Draft Penal Code Threatens Sexual and Reproductive Rights of all Indonesians

Last week’s announcement that Indonesia’s new penal code will include a number of very regressive articles, is extremely worrying and threatens the sexual and reproductive health and rights of all. The draft law includes the criminalisation of unmarried people living together, homosexuality, safe abortion and sharing information on contraception. Rutgers is gravely concerned by this drastic proposal, and stands in support of those opposing its ratification.

Human Rights Infringement

The new proposals will have negative consequences for everyone in Indonesia, but will particularly impact those already at risk, including women, young people, and sexual and religious minorities. It is both an infringement of human rights, as well as an unprecedented meddling in the private lives of Indonesians. Rutgers works across Indonesia with several of its international programmes aimed at empowering young people to live happy and healthy lives.

Access to Comprehensive Information on Sexual and Reproductive Health

The proposal to limit who can share information on contraception, will not only block young people’s access to sexuality education, but will result in an increase in teenage pregnancies.

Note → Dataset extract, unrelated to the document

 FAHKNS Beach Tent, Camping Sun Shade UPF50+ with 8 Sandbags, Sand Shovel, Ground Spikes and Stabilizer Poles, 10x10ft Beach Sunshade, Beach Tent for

Furthermore, research conducted by Rutgers shows that in-school comprehensive sexuality education plays an important role in the contribution to more equitable gender norms, supports adolescents’ healthy development and has enormous potential for addressing much of the adversity girls and boys face, such as bullying and sexual harassment.

Conference on Family Planning in Indonesia

Next week, Rutgers is co-hosting the very first Indonesian conference on family planning and reproductive health in Yogyakarta. It will provide partners with valuable linking and learning opportunities on sexual and reproductive health and rights in Indonesia, and offer a forum to discuss the implications of the draft penal code.

Ending Child Marriages?

The announcement of the new penal code, follows a revision to the Indonesian marriage law, that was welcomed by Rutgers and other NGOs. In a bid to prevent child marriages, the government announced that the legal age at which people can get married will be raised to 19. This is seen as a positive first step towards the complete eradication of underage marriage. However, the criminalisation of anyone who has sex outside of marriage  also included in the draft penal code ,  is likely to lead to an increase in underage marriage. Therefore, in light of the new developments, this seems like one step forward and two steps back.